▶ What this task involves
Pictures in the listing below are skipped, while the lines from the "Padres del CEIP" line through the "3 bedroom terraced house to rent - Photo 5" line are returned word for word.

▶ Records
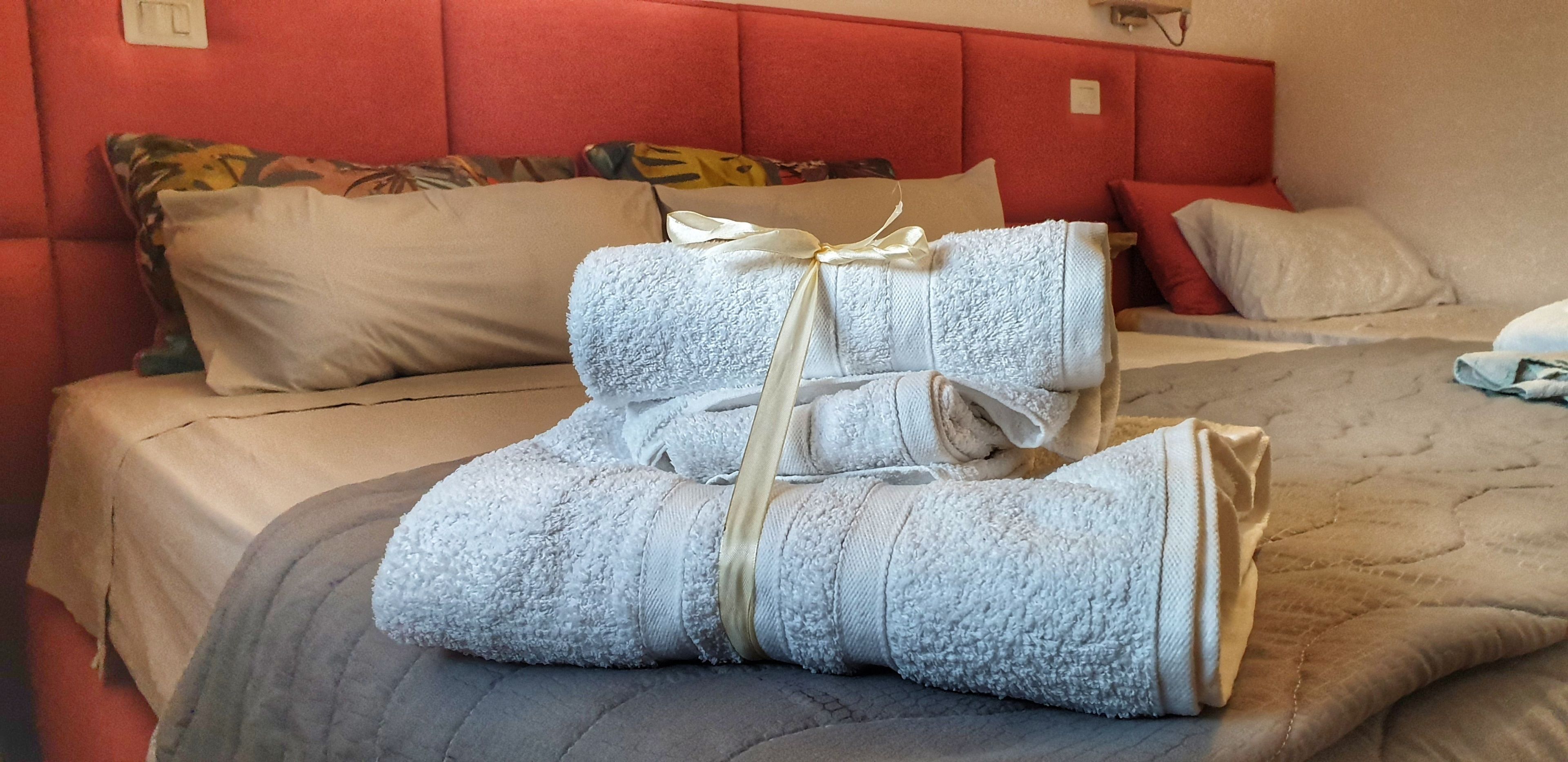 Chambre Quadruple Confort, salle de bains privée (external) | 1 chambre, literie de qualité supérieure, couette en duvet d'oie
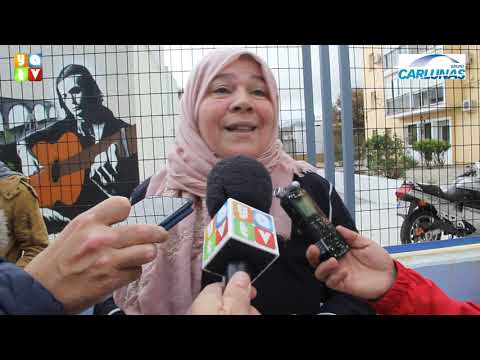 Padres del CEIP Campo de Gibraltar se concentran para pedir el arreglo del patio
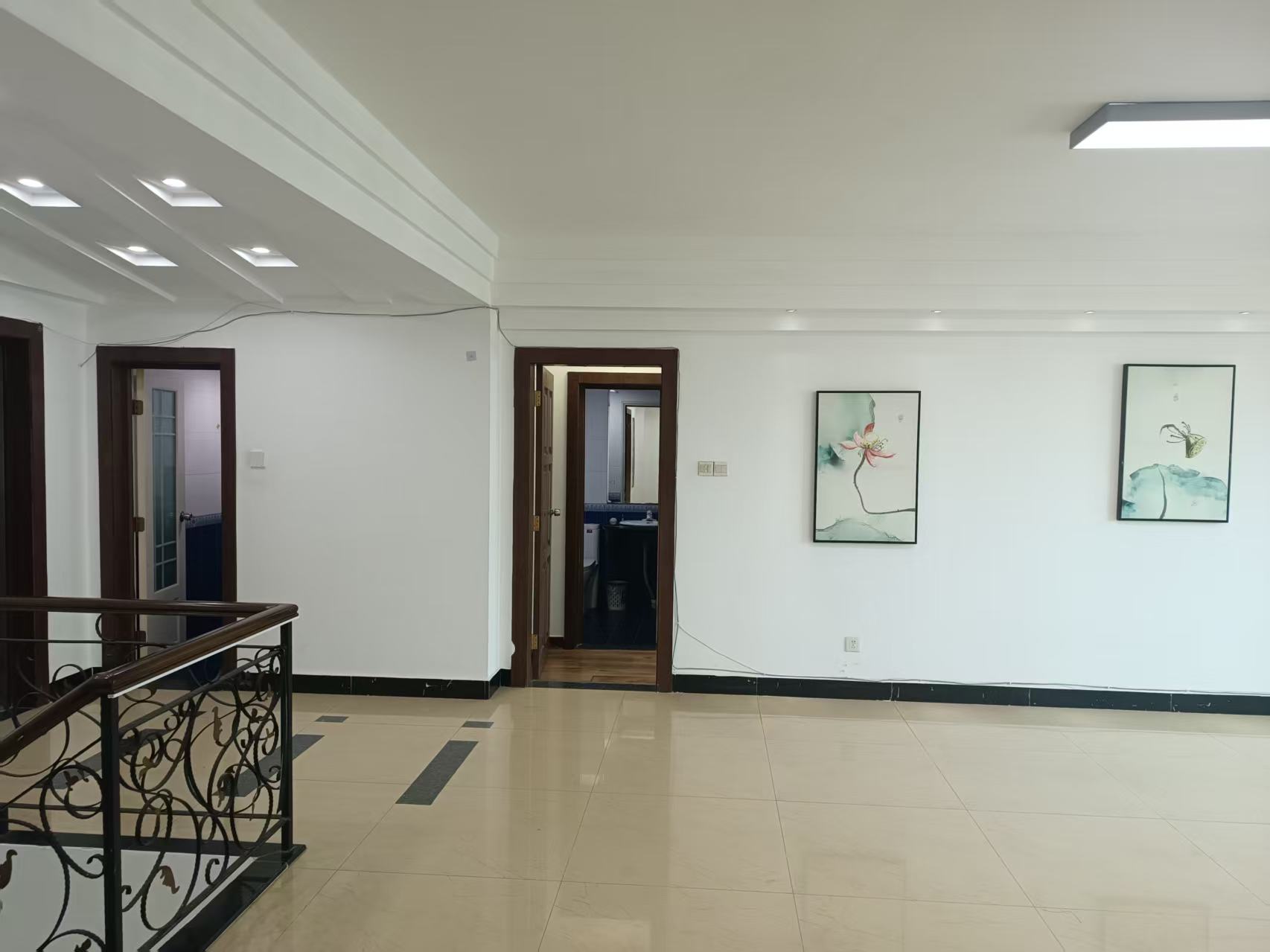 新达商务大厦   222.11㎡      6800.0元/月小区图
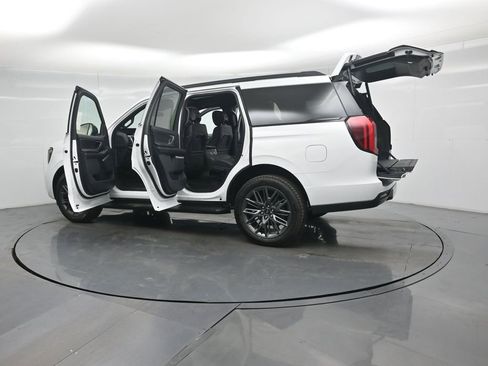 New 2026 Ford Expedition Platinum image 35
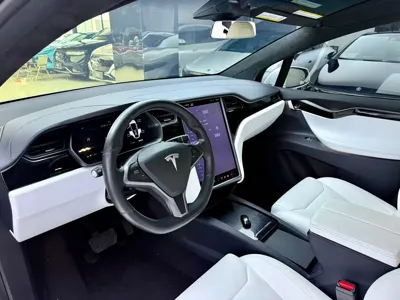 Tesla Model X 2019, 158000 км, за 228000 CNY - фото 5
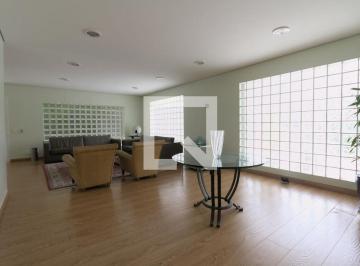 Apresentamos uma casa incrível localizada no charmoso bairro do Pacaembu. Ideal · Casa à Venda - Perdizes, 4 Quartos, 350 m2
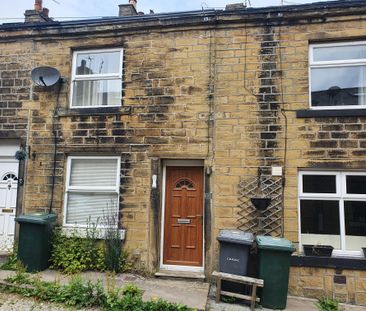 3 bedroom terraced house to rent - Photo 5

* * *

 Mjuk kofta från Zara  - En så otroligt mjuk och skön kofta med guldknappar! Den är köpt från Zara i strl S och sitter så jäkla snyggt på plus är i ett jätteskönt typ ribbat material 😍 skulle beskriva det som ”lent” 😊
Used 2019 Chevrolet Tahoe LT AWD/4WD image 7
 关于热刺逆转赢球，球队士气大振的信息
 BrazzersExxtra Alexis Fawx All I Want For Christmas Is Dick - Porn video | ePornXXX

* * *

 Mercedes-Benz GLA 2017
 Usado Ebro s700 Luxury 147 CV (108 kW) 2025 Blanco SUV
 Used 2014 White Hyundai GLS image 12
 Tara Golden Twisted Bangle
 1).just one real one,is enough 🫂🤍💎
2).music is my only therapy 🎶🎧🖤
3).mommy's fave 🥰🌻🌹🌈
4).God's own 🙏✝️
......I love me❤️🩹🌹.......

▶ Exercise response
 Padres del CEIP Campo de Gibraltar se concentran para pedir el arreglo del patio
 新达商务大厦   222.11㎡      6800.0元/月小区图
 New 2026 Ford Expedition Platinum image 35
 Tesla Model X 2019, 158000 км, за 228000 CNY - фото 5
 Apresentamos uma casa incrível localizada no charmoso bairro do Pacaembu. Ideal · Casa à Venda - Perdizes, 4 Quartos, 350 m2
 3 bedroom terraced house to rent - Photo 5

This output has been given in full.